= Problem requirements =
Reproduce the entries exactly.

= Listed entries =
= = = = = = =
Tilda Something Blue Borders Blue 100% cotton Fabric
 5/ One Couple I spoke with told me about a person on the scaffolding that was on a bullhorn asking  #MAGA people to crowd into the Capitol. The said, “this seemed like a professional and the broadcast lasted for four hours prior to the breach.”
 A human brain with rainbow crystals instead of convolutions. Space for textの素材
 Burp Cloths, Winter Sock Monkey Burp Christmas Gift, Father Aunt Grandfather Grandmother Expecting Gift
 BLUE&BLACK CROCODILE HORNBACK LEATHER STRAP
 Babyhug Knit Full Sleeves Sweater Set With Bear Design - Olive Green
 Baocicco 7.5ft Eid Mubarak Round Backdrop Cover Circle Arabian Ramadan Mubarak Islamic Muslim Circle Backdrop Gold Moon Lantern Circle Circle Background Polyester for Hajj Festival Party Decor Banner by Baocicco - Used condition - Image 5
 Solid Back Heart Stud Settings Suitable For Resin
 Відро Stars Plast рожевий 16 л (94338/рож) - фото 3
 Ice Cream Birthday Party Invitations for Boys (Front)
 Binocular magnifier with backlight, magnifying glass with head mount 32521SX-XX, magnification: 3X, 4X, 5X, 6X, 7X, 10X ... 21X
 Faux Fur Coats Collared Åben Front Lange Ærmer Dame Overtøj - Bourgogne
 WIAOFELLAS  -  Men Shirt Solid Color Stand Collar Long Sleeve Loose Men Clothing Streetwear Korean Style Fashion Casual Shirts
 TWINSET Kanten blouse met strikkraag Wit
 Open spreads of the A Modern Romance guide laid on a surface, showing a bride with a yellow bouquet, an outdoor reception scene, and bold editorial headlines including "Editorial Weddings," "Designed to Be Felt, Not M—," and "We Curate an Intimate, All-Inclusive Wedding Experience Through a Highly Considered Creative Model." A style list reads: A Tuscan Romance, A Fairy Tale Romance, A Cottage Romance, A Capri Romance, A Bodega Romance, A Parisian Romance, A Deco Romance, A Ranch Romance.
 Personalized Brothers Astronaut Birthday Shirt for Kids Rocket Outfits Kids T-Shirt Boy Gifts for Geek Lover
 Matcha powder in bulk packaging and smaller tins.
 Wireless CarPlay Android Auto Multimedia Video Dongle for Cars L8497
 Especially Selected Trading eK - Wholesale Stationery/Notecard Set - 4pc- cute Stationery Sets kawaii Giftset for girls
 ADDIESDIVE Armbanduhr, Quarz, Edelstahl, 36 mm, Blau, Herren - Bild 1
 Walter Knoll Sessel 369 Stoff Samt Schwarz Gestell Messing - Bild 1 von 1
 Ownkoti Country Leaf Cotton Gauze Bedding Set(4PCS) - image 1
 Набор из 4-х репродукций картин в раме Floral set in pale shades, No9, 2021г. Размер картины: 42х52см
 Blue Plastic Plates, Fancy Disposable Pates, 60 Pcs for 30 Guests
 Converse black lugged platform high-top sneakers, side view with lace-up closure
= = = = = = =
= Output for this exercise =
Tilda Something Blue Borders Blue 100% cotton Fabric
 5/ One Couple I spoke with told me about a person on the scaffolding that was on a bullhorn asking  #MAGA people to crowd into the Capitol. The said, “this seemed like a professional and the broadcast lasted for four hours prior to the breach.”
 A human brain with rainbow crystals instead of convolutions. Space for textの素材
 Burp Cloths, Winter Sock Monkey Burp Christmas Gift, Father Aunt Grandfather Grandmother Expecting Gift
 BLUE&BLACK CROCODILE HORNBACK LEATHER STRAP
 Babyhug Knit Full Sleeves Sweater Set With Bear Design - Olive Green
 Baocicco 7.5ft Eid Mubarak Round Backdrop Cover Circle Arabian Ramadan Mubarak Islamic Muslim Circle Backdrop Gold Moon Lantern Circle Circle Background Polyester for Hajj Festival Party Decor Banner by Baocicco - Used condition - Image 5
 Solid Back Heart Stud Settings Suitable For Resin
 Відро Stars Plast рожевий 16 л (94338/рож) - фото 3
 Ice Cream Birthday Party Invitations for Boys (Front)
 Binocular magnifier with backlight, magnifying glass with head mount 32521SX-XX, magnification: 3X, 4X, 5X, 6X, 7X, 10X ... 21X
 Faux Fur Coats Collared Åben Front Lange Ærmer Dame Overtøj - Bourgogne
 WIAOFELLAS  -  Men Shirt Solid Color Stand Collar Long Sleeve Loose Men Clothing Streetwear Korean Style Fashion Casual Shirts
 TWINSET Kanten blouse met strikkraag Wit
 Open spreads of the A Modern Romance guide laid on a surface, showing a bride with a yellow bouquet, an outdoor reception scene, and bold editorial headlines including "Editorial Weddings," "Designed to Be Felt, Not M—," and "We Curate an Intimate, All-Inclusive Wedding Experience Through a Highly Considered Creative Model." A style list reads: A Tuscan Romance, A Fairy Tale Romance, A Cottage Romance, A Capri Romance, A Bodega Romance, A Parisian Romance, A Deco Romance, A Ranch Romance.
 Personalized Brothers Astronaut Birthday Shirt for Kids Rocket Outfits Kids T-Shirt Boy Gifts for Geek Lover
 Matcha powder in bulk packaging and smaller tins.
 Wireless CarPlay Android Auto Multimedia Video Dongle for Cars L8497
 Especially Selected Trading eK - Wholesale Stationery/Notecard Set - 4pc- cute Stationery Sets kawaii Giftset for girls
 ADDIESDIVE Armbanduhr, Quarz, Edelstahl, 36 mm, Blau, Herren - Bild 1
 Walter Knoll Sessel 369 Stoff Samt Schwarz Gestell Messing - Bild 1 von 1
 Ownkoti Country Leaf Cotton Gauze Bedding Set(4PCS) - image 1
 Набор из 4-х репродукций картин в раме Floral set in pale shades, No9, 2021г. Размер картины: 42х52см
 Blue Plastic Plates, Fancy Disposable Pates, 60 Pcs for 30 Guests
 Converse black lugged platform high-top sneakers, side view with lace-up closure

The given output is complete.